Task prompt
Starting at the line that contains "Foto #8 Appartement" and stopping after the line that contains "Kannada Actress Rohini Raghunandan", transcribe the listing below exactly; do not include any pictures.

─── Data extract ───

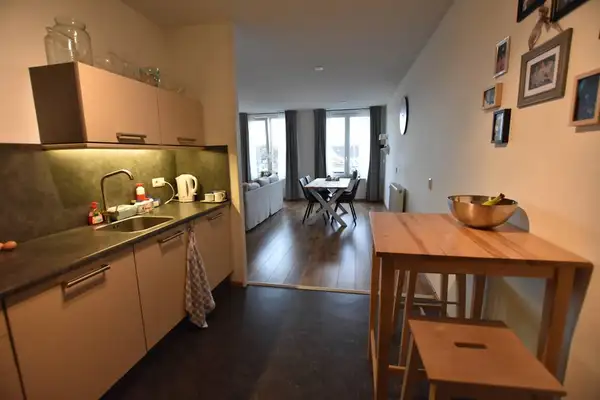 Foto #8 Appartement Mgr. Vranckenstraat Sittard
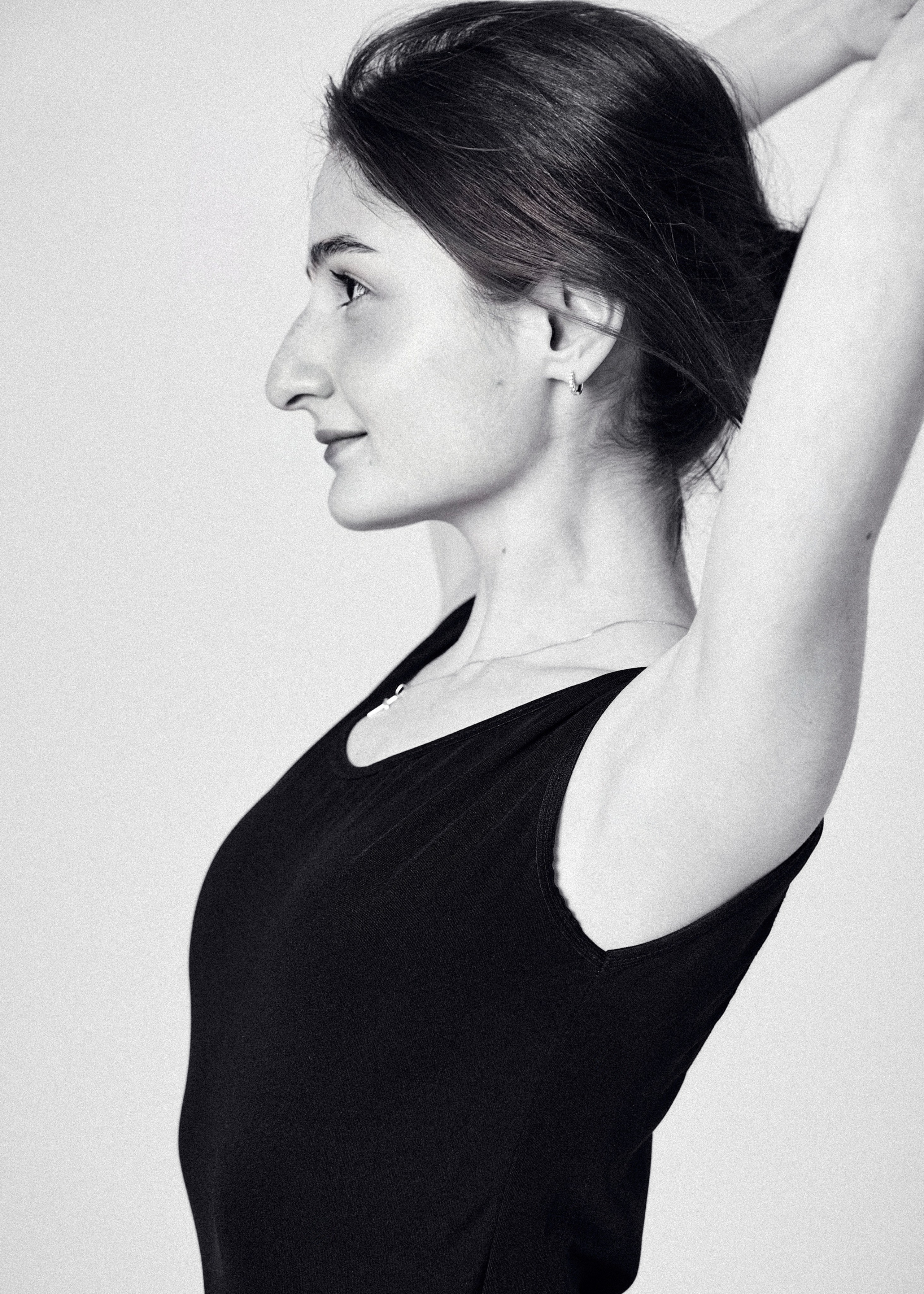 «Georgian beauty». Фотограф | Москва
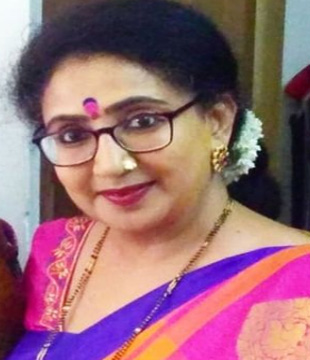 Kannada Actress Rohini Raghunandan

───
─── Data extract ───

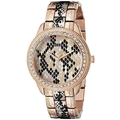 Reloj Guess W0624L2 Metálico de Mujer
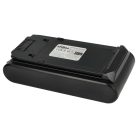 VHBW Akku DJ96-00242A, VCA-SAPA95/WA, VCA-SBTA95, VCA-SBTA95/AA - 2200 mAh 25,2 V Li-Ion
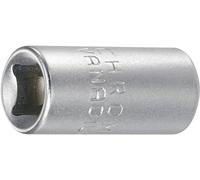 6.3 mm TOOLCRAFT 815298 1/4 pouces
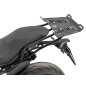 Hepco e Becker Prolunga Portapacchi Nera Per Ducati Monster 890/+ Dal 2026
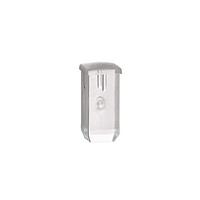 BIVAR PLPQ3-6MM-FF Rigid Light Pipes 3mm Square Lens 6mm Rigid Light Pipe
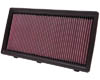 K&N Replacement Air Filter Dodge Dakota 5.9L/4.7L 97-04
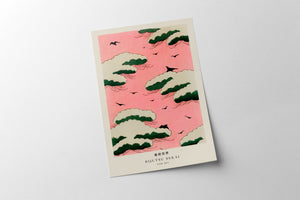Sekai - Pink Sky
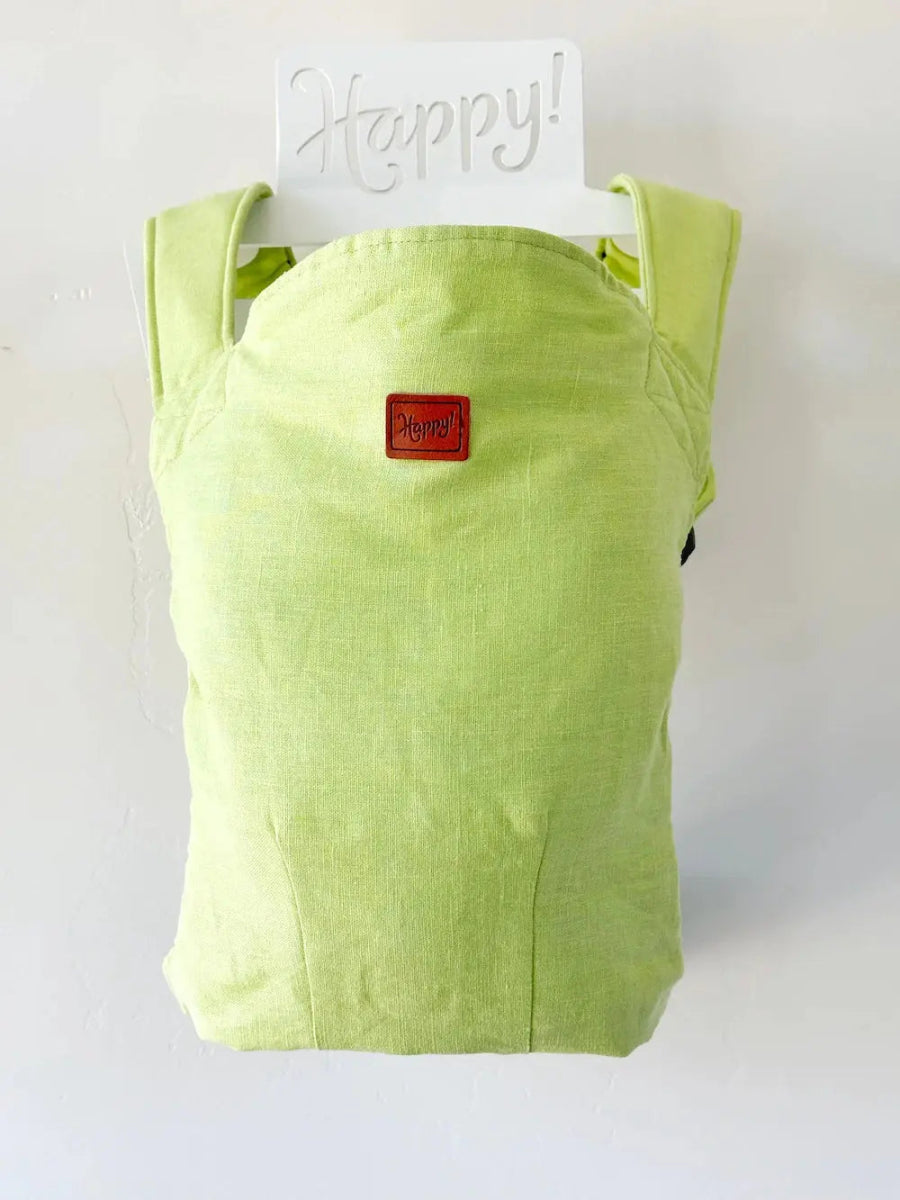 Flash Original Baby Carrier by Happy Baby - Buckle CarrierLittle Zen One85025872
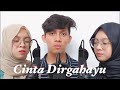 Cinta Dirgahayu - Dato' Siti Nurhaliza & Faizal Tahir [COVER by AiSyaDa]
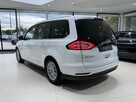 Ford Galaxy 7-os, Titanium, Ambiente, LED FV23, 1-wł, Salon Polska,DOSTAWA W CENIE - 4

───
─── Data extract ───

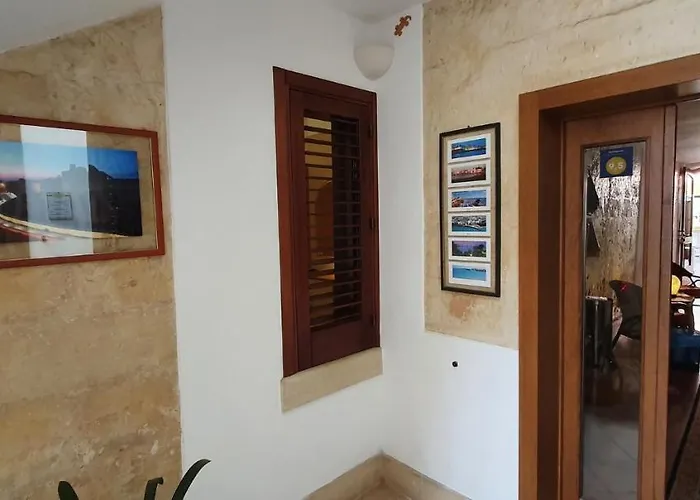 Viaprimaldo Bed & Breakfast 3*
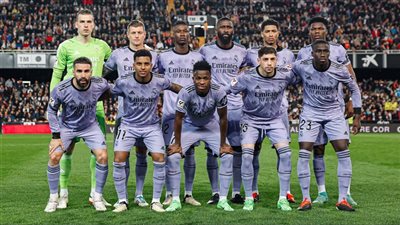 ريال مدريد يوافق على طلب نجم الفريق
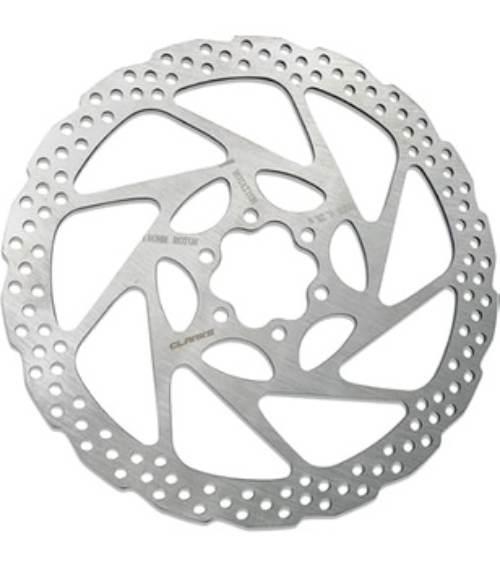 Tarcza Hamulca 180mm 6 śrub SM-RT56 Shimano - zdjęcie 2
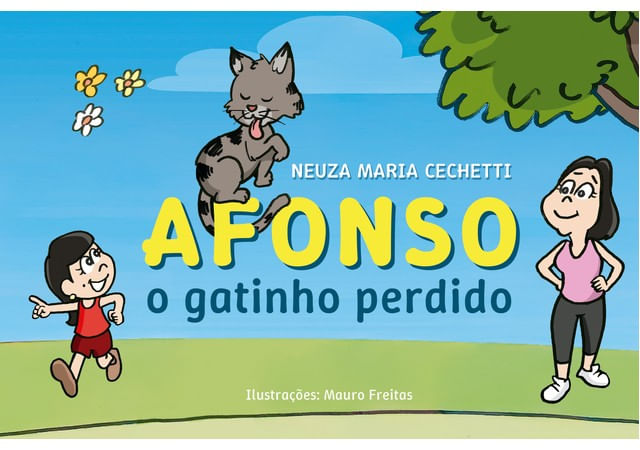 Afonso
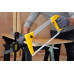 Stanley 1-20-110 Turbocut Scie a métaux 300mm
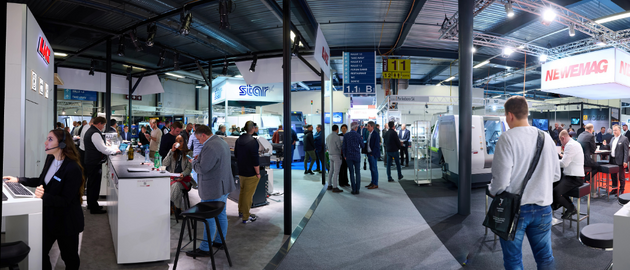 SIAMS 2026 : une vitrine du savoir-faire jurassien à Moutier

───

Task response
 Foto #8 Appartement Mgr. Vranckenstraat Sittard
 «Georgian beauty». Фотограф | Москва
 Kannada Actress Rohini Raghunandan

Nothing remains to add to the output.